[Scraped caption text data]
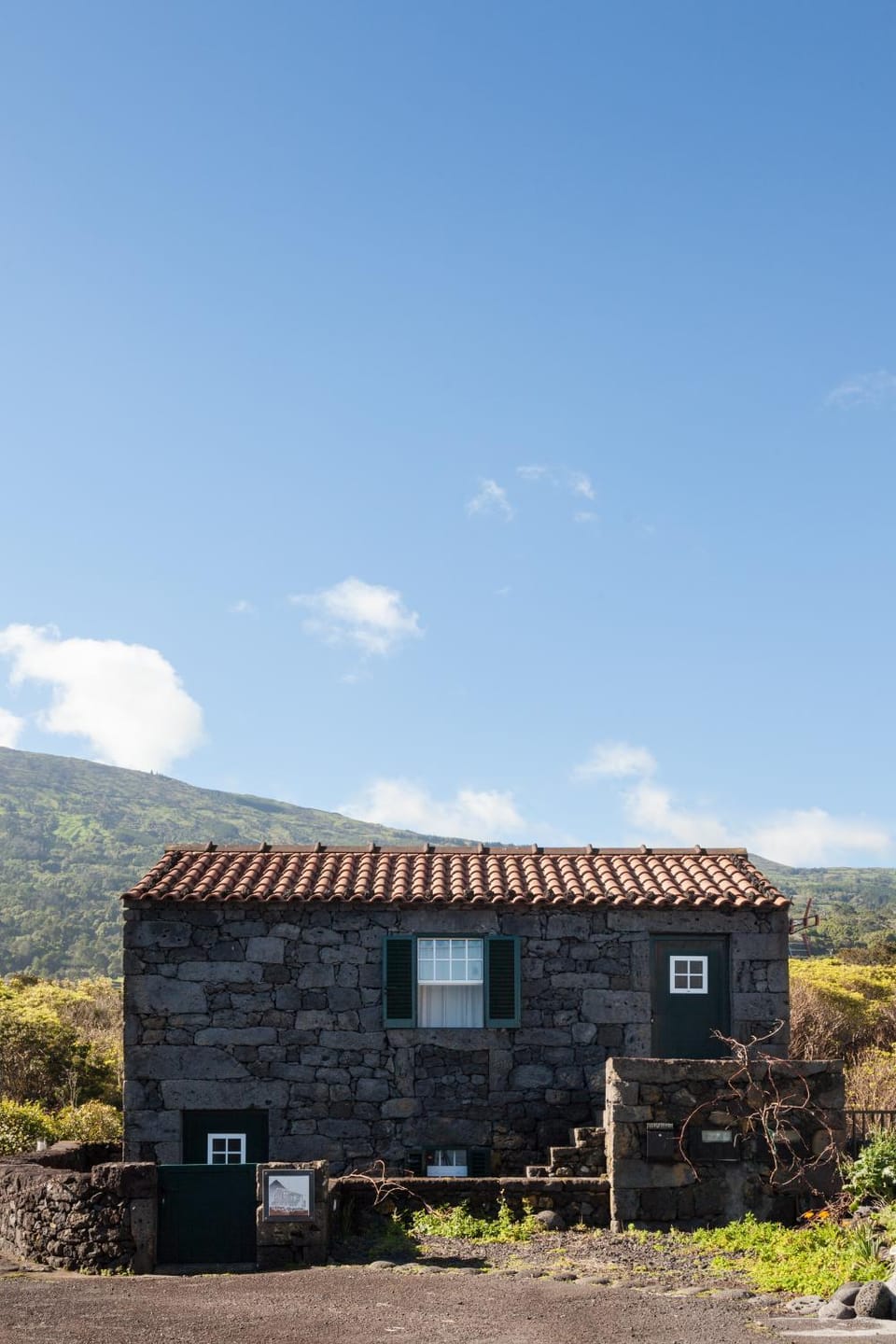 Adega do Boqueirao House in Azores District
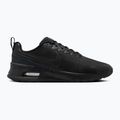 Men's shoes Nike Air Max Nuaxis black/black/anthracite 8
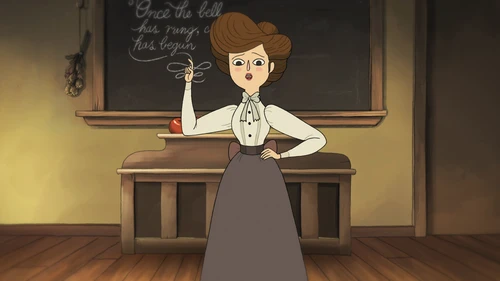 Still frame 16 from Over the Garden Wall Season 1 Episode 3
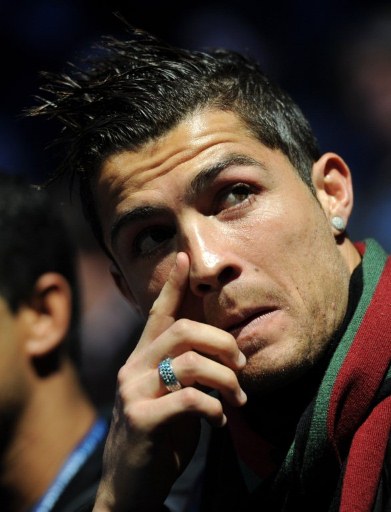 特朗普：我踢球的水平与C罗梅西差不太多，速度可能更快一点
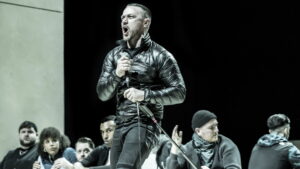 National Theatre Live: Cyrano de Bergerac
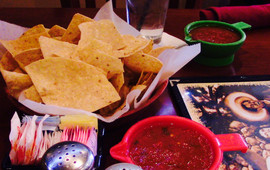 El Bosque Mexican Restaurant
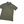 Load image into Gallery viewer, Stone Island Khaki Black Piping Short Sleeve Polo Shirt - Small
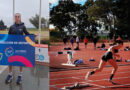 Candela Basaldua campeona provincial en 400mts y 400mts con vallas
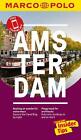 Amsterdam Marco Polo Pocket Travel Guide - with pull out map by Marco Polo (Engl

**Instructions for the task**
Above, find the line with "Still frame 16"; copy it and every line down to the line with "Load image into", exactly and both included, but no pictures.

**Written solution**
 Still frame 16 from Over the Garden Wall Season 1 Episode 3
 特朗普：我踢球的水平与C罗梅西差不太多，速度可能更快一点
 National Theatre Live: Cyrano de Bergerac
 El Bosque Mexican Restaurant
 Load image into Gallery viewer, Stone Island Khaki Black Piping Short Sleeve Polo Shirt - Small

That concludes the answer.